Jeremy Deutsch : July 06, 2011
It’s every new parent’s worst nightmare — a child falls asleep for the night and never wakes up.
There’s no reason, no cause and no one to blame.
Though sudden infant death syndrome (SIDS) is very rare, there has been an alarming spike in the number of cases in the province.
According to the B.C. Coroners Service child death review unit, there were 21 sudden infant deaths in the first half of 2011, compared to 16 in all of 2010.
That includes one case in the Interior region.
The spike has prompted the coroners service to urge parents to educate themselves on safe sleep practices in an effort to minimize the risk of SIDS.
Sudden infant deaths occur when a previously healthy baby dies in sleep-related circumstances and no cause of death is found in an autopsy.
“The challenge is that we don’t really know why these babies die,” B.C. chief coroner Lisa Lapointe told KTW.
Some factors that increase the risk of SIDS include placing a baby on his or her stomach or side, having babies sleep on soft surfaces, having soft objects in the sleep environment, having a baby share a bed with an adult and exposing a baby to cigarette smoke during and after pregnancy.
The chief coroner noted in 11 of the 21 cases, the baby was sleeping in an adult bed and, in 10 cases, they were sharing a bed with an adult
Half of the adults sharing a bed with a baby had consumed alcohol prior to the death.
“That’s a huge risk factor,” said Lapointe, adding that, in some cases , none of the risk factors were evident and the baby still died.
The coroner recommends babies sleep in a separate crib with a firm mattress and fitted sheet.
She said toys and blankets should be kept away from the child’s face.
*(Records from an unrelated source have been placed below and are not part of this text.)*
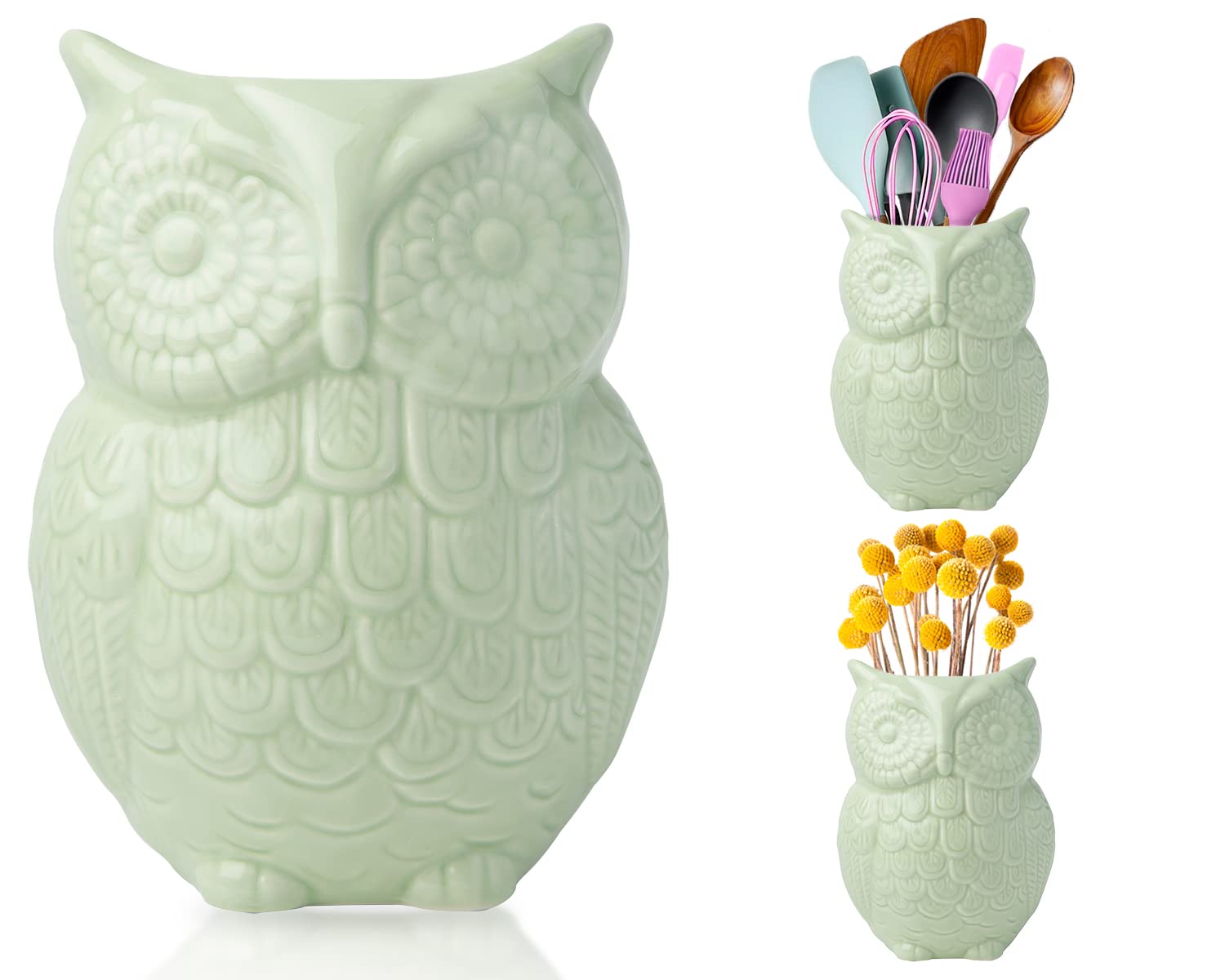 Algopix Similar Product 12 - Comfify Owl Utensil Holder Decorative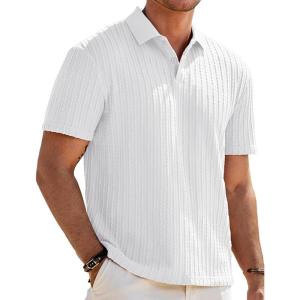 imageJMIERR Mens Casual Polo Shirt Summer Short Sleeve Vacation Button Beach Knit Stretchy Golf ShirtsC White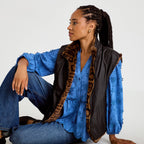 Veste réversible sans manches noir femme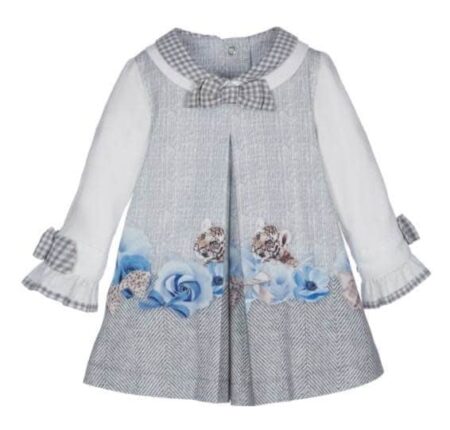 Lapin House - Jurk Grijs Met Blauwe Rozen en Tijgers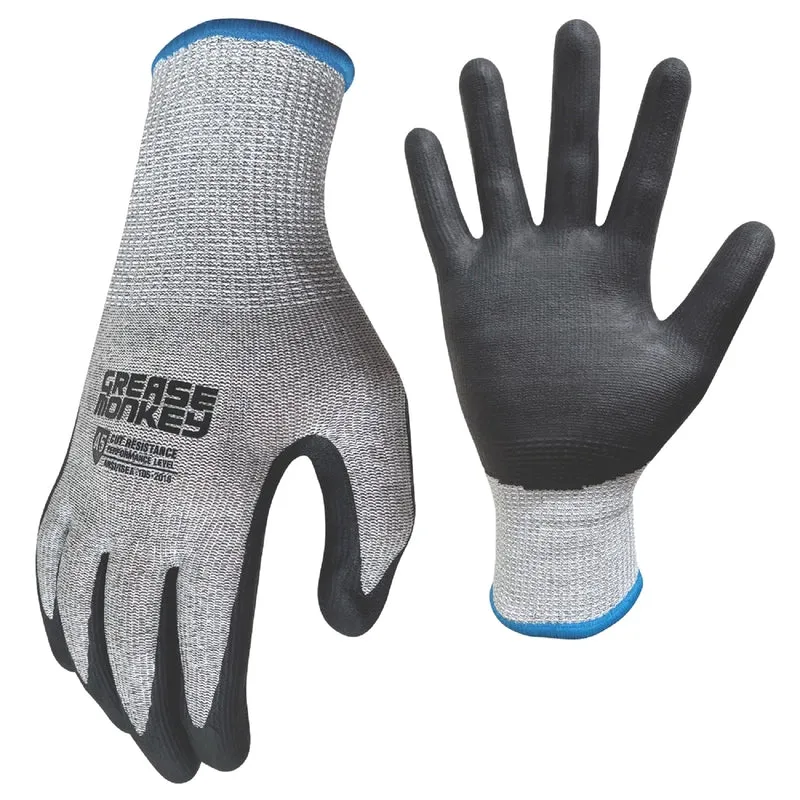 Grease Monkey XL Sandy Nitrile Cut Resistant Black/Gray Dipped Gloves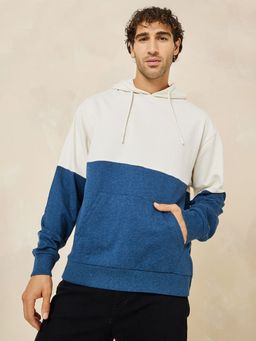 Styli - Relaxed Fit Colorblock Terry Hoodie - Blue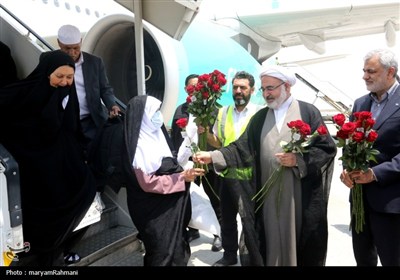 ورود نخستین گروه حجاج ایرانی به فرودگاه مشهد‌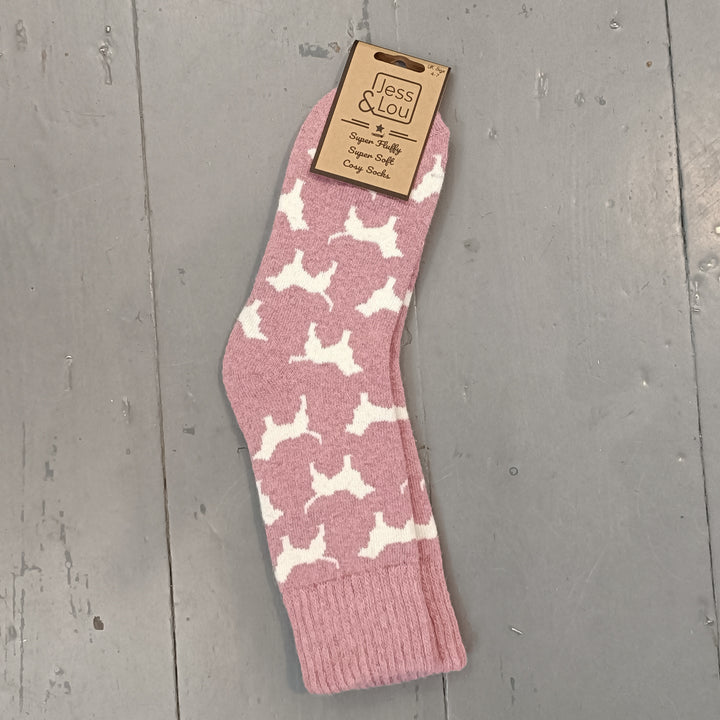 Dashing Dogs Ribbed Socks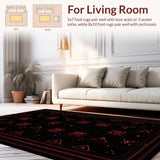 Ultra Soft Area Rug, Non Slip, Stain Resistant, Washable Area Rugs for Living Room, Bedroom, Stylish Retro Gaming Symbolism(Black)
The coroners service will also be working with Ministry of Health officials, health-care workers and First Nations communities to share the information and provide information for parents.
Kamloops pediatrician said he’s not sure what to make of the sudden jump in SIDS cases, noting the rate has been cut in half in Canada in the last 20 years.
“In general, SIDS has gone from something you heard about not terribly uncommon to something now that’s quite rare,” he said, crediting a program to get parents to place their babies on their back when they sleep as the reason for the drop in SIDS cases.
Smith also noted B.C. has a traditionally lower rate of SIDS than the rest of the country, possibly in part from a lower smoking rate.
As a pediatrician, Smith said he always explains the SIDS risk factors to parents, but views the B.C. Coroners Service’s warning as a good reminder.
The province’s chief coroner knows how devastating a sudden infant death can be, as she has attended several cases as a coroner in the field.
“As a parent, you do everything you can to keep your child safe,” Lapointe said.
“To discover they they’ve died and there was nothing you could have done to prevent it — it’s just shocking.”